Je tiens à avoir la vie sauve, mais si quelqu'un me dit de monter dans un bateau, j'essaierai. Je sais que ce n'est pas bien. Je tiens à la vie. Mais qu'est-ce que je peux faire de plus aujourd'hui ? Ce sera dangereux pour une heure ou deux. Il faut essayer, tenter sa chance. On a déjà franchi des frontières, on sait franchir des frontières. Pour quitter le Pakistan, j'ai franchi la frontière iranienne sous les balles, j'ai déjà pris le bateau pour traverser la mer en Grèce, un peu comme ici. Je me suis retrouvé en Bulgarie, là-bas les policiers se comportent comme des connards, ils lâchent les chiens sur vous. J'ai donné mes empreintes en Autriche. Depuis, je vais, je viens, je reviens... avec mes amis, on veut aller en Grande-Bretagne. Certains ont eu de la chance et ont réussi à vivre là-bas, à redémarrer une belle vie. On essaiera puis on recommencera encore et encore."
        

François Guénoc, bénévole à l'Auberge des Migrants

L'Auberge des Migrants vient en aide aux migrants en attente à Calais.

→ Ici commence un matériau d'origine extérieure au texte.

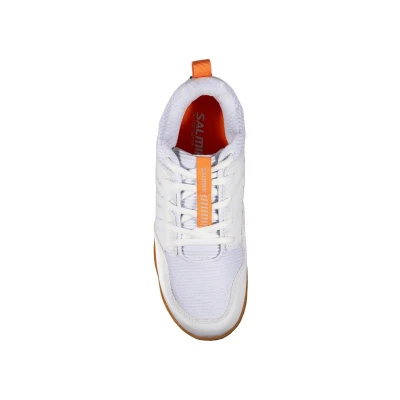 Salming Rival 2 JR White/Nectarine sálovky
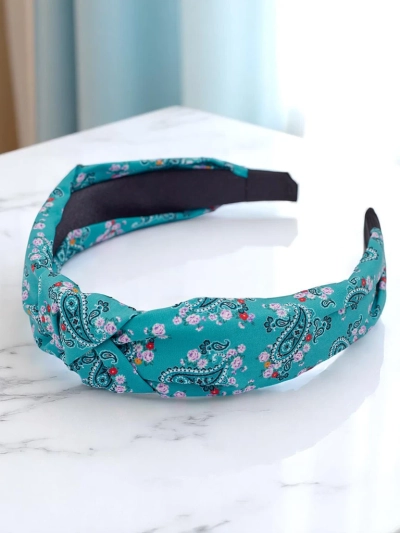 Royalfashion Molly Twist plaukų lankelis su pintomis detalėmis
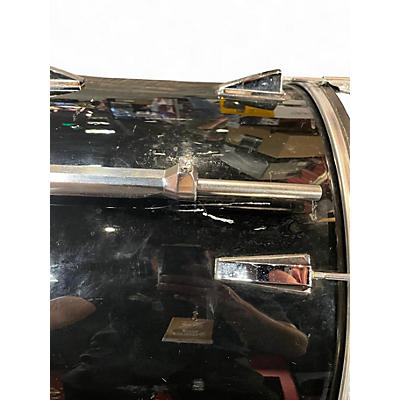 Used Yamaha 5 Piece Stage Series Black Drum Kit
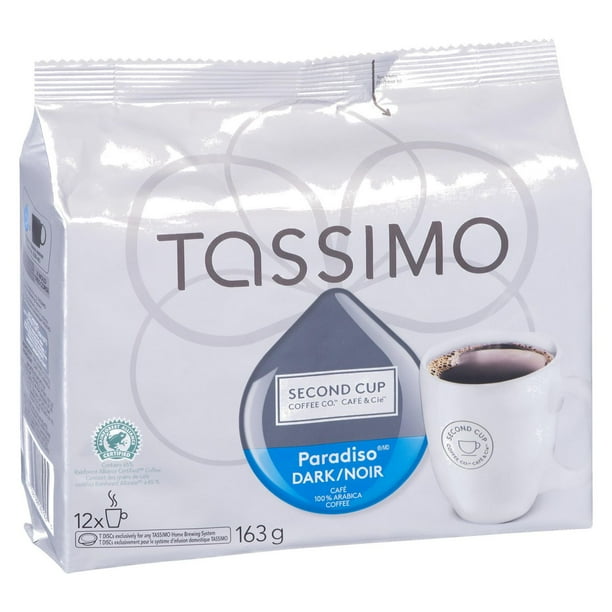 Second clearance cup tassimo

"Les autorités invoquent l'explication selon laquelle les exilés seraient pressés de traverser avant que le Brexit rende les choses plus difficiles. En réalité, en parlant avec les exilés, ils ont plutôt l'espoir inverse. Le Brexit va amener des contrôles douaniers et donc, probablement, un ralentissement du passage des camions et peut-être des files d'attente sur l'autoroute et le port, ce qui serait plutôt favorable pour les exilés qui, ici à Calais, n'ont pas l'argent pour payer les passeurs et qui, en fait, montent sur les camions par leurs propres moyens.
 

On ne voit pas comment le Brexit pourrait amener un renforcement des contrôles aux frontières, ces contrôles sont déjà au maximum, avec tous ces outils technologiques utilisés pour repérer les gens dans les camions, avec ces barbelés, ces murs, ces grillages. On voit difficilement ce que pourraient faire de plus les autorités pour empêcher les gens de passer la frontière. Il faut quand même dire au passage que ces mesures de blocage du port ne sont pas complètement efficaces, toutes les semaines, il y a encore des gens qui passent ici, à partir de Calais. 
 
Là, probablement, il y a eu une ou deux traversées qui ont réussi et derrière, forcément, ça donne des idées. On pense aussi que, peut-être, parce que ce n'est pas facile de sortir d'un port avec un bateau sans attirer l'attention de la capitainerie, sans attirer l'attention du radar du (CROSS) Gris-Nez, des garde-côtes, il faut savoir sortir du port, il faut savoir prendre des trajectoires qui n'interrogent pas les autorités pour pouvoir arriver sur la côte anglaise. Donc ça, probablement, c'est fait par des gens qui connaissent bien la mer ici et La Manche. C'est possible (qu'il y ait des complicités locales). D'autant plus que, d'après un journaliste anglais, il paraît que les Iraniens - parce que ce sont beaucoup d'Iraniens qui traversent comme ça - paieraient jusqu'à 15 000 euros par personne. Ca paraît beaucoup par rapport aux tarifs habituels, ce qui veut dire que peut-être, il y a des rémunérations d'intermédiaires ou de complices pour ces traversées."